Royale Airlines was a regional airline with headquarters on the grounds of Shreveport Regional Airport (SHV) in Shreveport, Louisiana.

Operations
Royale operated scheduled passenger flights in Louisiana, Texas, Mississippi, Tennessee and Florida from 1962 to 1989. It primarily operated turboprop aircraft such as the Embraer EMB-110 Bandeirante, Beechcraft Model 99, Short 330 and Grumman Gulfstream G-I with the latter being a regional airliner version of Grumman's successful propjet business aircraft.

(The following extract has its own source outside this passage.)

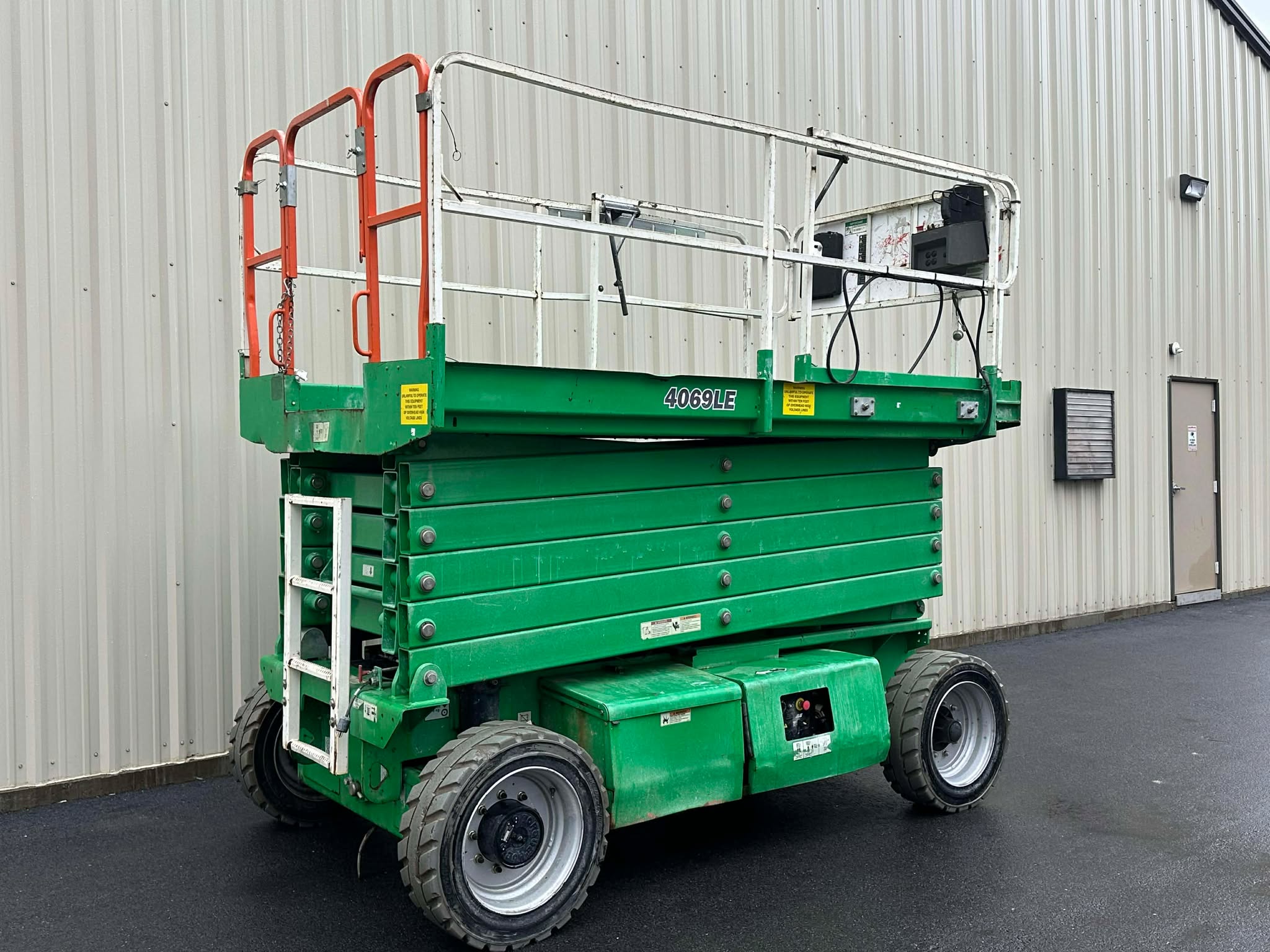 2017-JLG-4069LE-Electric-4x2-Scissor-Boom-Lift-Rough-Terrain-Man-Lift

Royale also flew two Douglas DC-9-14 jetliners on services from Houston Intercontinental Airport (IAH) primarily to Brownsville, Texas (BRO) on behalf of Continental Airlines. For a short period between 1985 and 1986 Royale operated de Havilland Canada DHC-6 Twin Otter aircraft acquired from Metro Airlines which had moved its operations to the Dallas-Fort Worth Metroplex in Texas and also to Atlanta, Georgia.   These Twin Otter STOL (Short Take Off and Landing) turboprop aircraft were primarily utilized to shuttle passengers between the Clear Lake City STOLport, which was located near the NASA Johnson Space Center, and Houston Intercontinental Airport (now George Bush Intercontinental Airport).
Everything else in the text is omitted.